◆ Problem requirements
Reproduce exactly the lines from the one that holds "Lou Donaldson - - A Man With A Horn" through the last line of the entries, both ends included, but not the pictures.

◆ Provided information

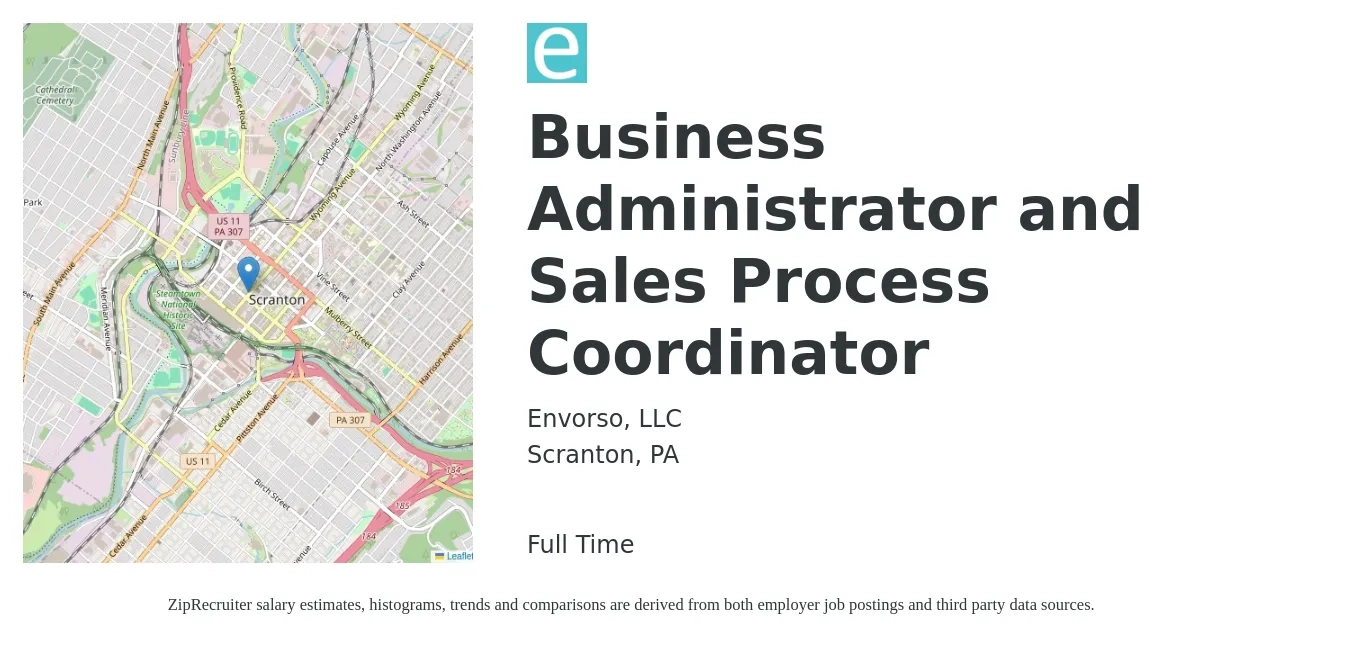 Envorso, LLC job posting for a Business Administrator and Sales Process Coordinator in Scranton, PA with a salary of $20 to $27 Hourly with a map of Scranton location.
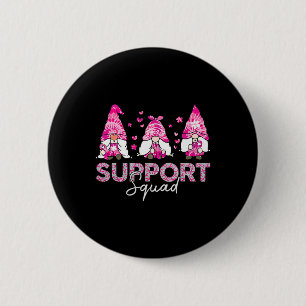 Support Squad Tie Dye Gnome Breast Cancer Awarenes 6 Cm Round Badge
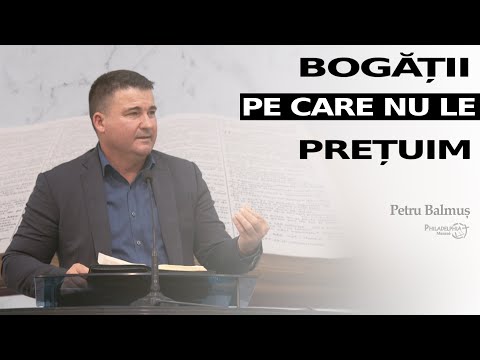 Petru Balmuș || Bogății pe care nu le prețuim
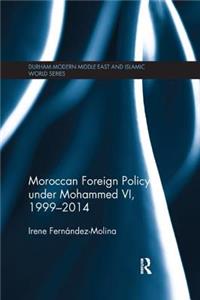 Moroccan Foreign Policy Under Mohammed VI, 1999-2014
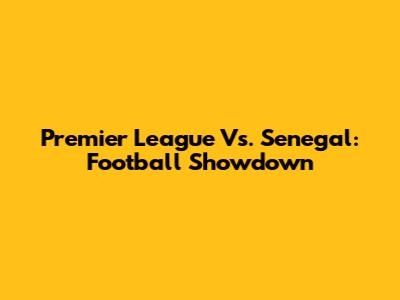 Premier League Vs. Senegal: Football Showdown
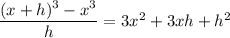 \dfrac{(x+h)^3-x^3}h=3x^2+3xh+h^2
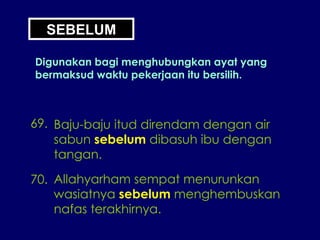 69. Baju-baju itud direndam dengan air sabun  sebelum  dibasuh ibu dengan tangan. 70. Allahyarham sempat menurunkan wasiatnya  sebelum  menghembuskan nafas terakhirnya. SEBELUM Digunakan bagi menghubungkan ayat yang bermaksud waktu pekerjaan itu bersilih. 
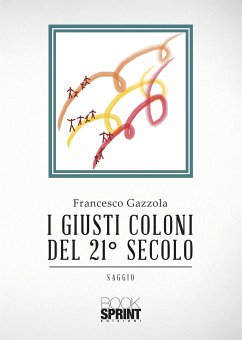 I giusti coloni del 21° secolo (eBook, ePUB) - Gazzola, Francesco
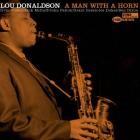 Lou Donaldson - - A Man With A Horn  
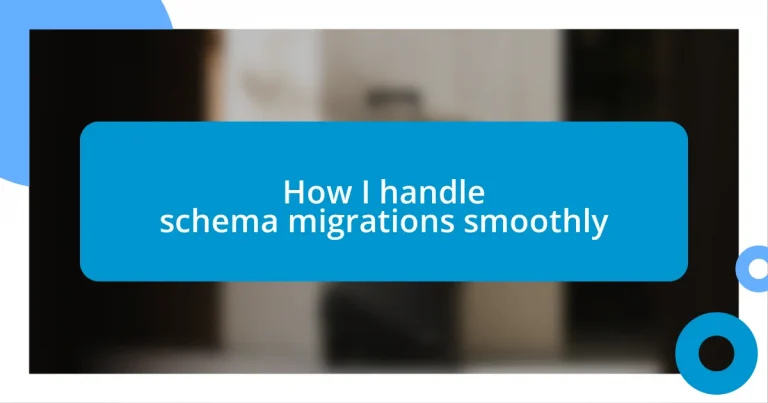 How I handle schema migrations smoothly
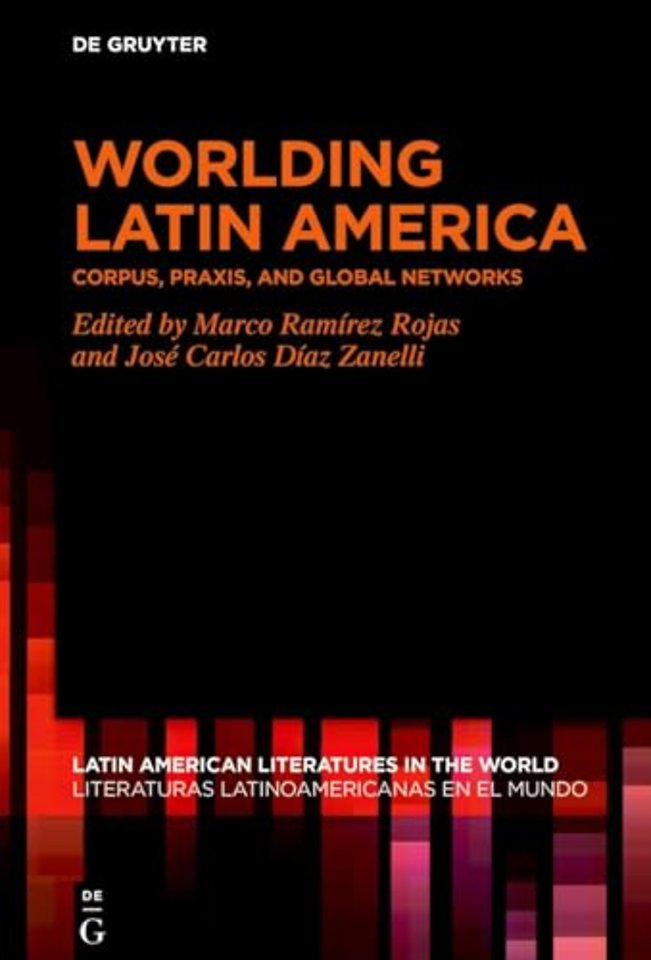 Worlding Latin America – Corpus, Praxis, and Global Networks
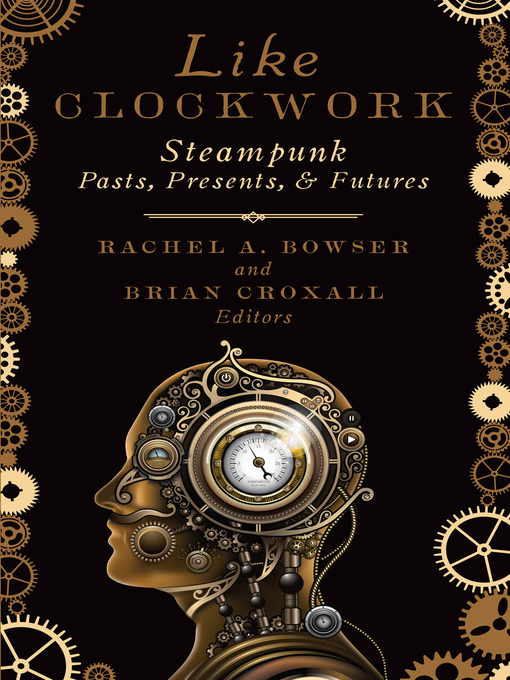 Title details for Like Clockwork by Rachel A. Bowser - Available
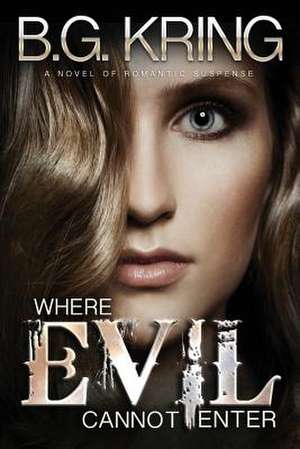 Where Evil Cannot Enter de B. G. Kring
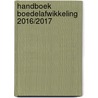 Handboek Boedelafwikkeling 2016/2017 door Onbekend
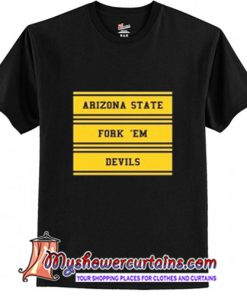 Arizona State Fork Em T-Shirt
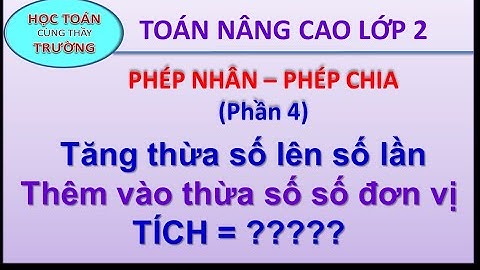 Bài tập về phép chia lớp 2 nâng câo năm 2024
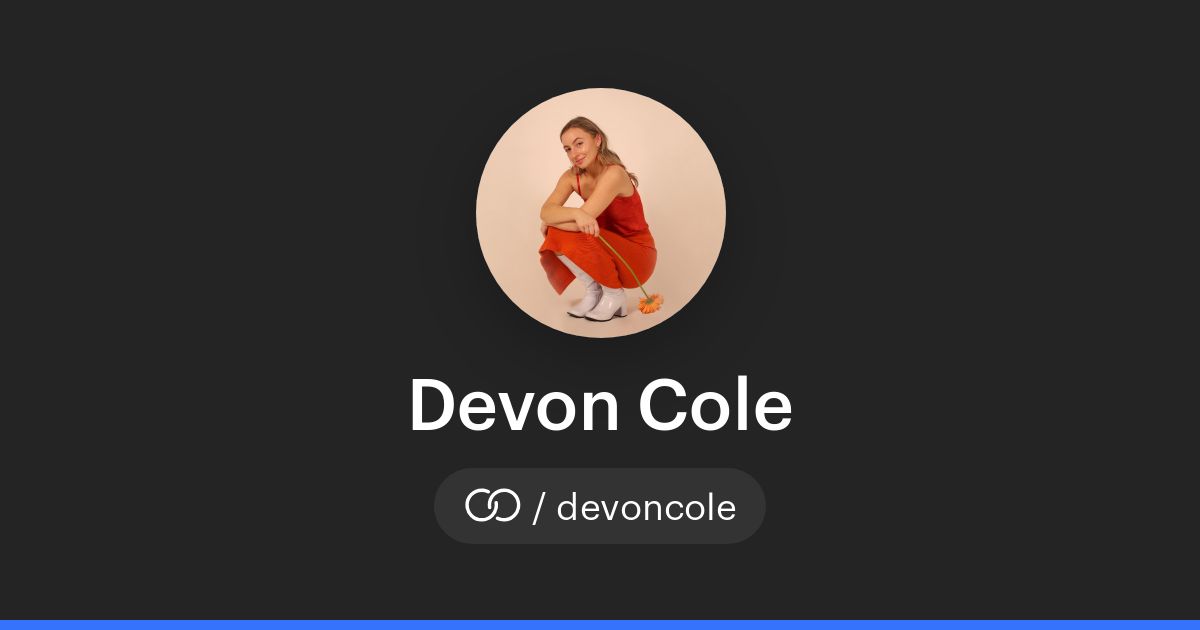 Devon Cole (/devoncole) · solo.to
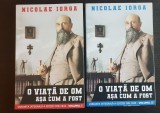 O viață de om așa cum a fost. Orizonturile mele (2 vol.) - Nicolae Iorga, Didactica si Pedagogica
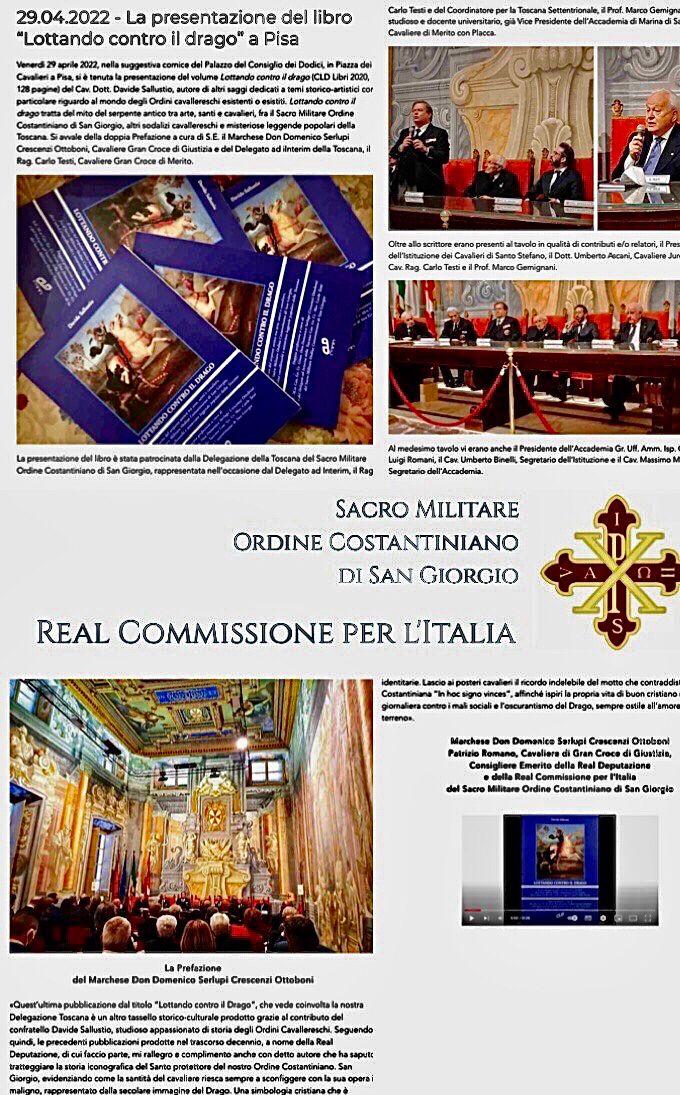 Estratto del comunicato stampa pubblicato sul sito nazionale della Real Commissione per l’Italia del Sacro Militare Ordine Costantiniano di San Giorgio relativamente alla presentazione del libro “Lottando contro il drago” avvenuta a Pisa il 29-04-2022.

https://www.ordinecostantinianoitalia.org/single-post/29-04-2022-la-presentazione-del-libro-lottando-contro-il-drago-a-pisa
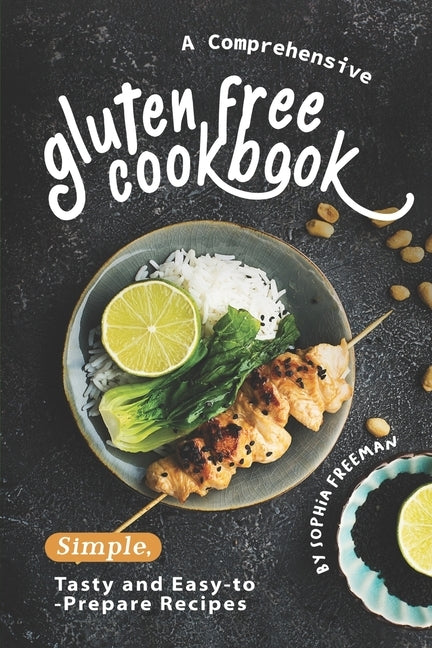 A Comprehensive Gluten Free Cookbook: Simple, Tasty and Easy-to-Prepare Recipes by Freeman, Sophia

◆ Task solution
 Lou Donaldson - - A Man With A Horn  
 How I handle schema migrations smoothly
 Worlding Latin America – Corpus, Praxis, and Global Networks
 Title details for Like Clockwork by Rachel A. Bowser - Available
 Where Evil Cannot Enter de B. G. Kring
 Handboek Boedelafwikkeling 2016/2017 door Onbekend
 Arizona State Fork Em T-Shirt
 Bài tập về phép chia lớp 2 nâng câo năm 2024
 Devon Cole (/devoncole) · solo.to
 O viață de om așa cum a fost. Orizonturile mele (2 vol.) - Nicolae Iorga, Didactica si Pedagogica
 Estratto del comunicato stampa pubblicato sul sito nazionale della Real Commissione per l’Italia del Sacro Militare Ordine Costantiniano di San Giorgio relativamente alla presentazione del libro “Lottando contro il drago” avvenuta a Pisa il 29-04-2022.

https://www.ordinecostantinianoitalia.org/single-post/29-04-2022-la-presentazione-del-libro-lottando-contro-il-drago-a-pisa
 A Comprehensive Gluten Free Cookbook: Simple, Tasty and Easy-to-Prepare Recipes by Freeman, Sophia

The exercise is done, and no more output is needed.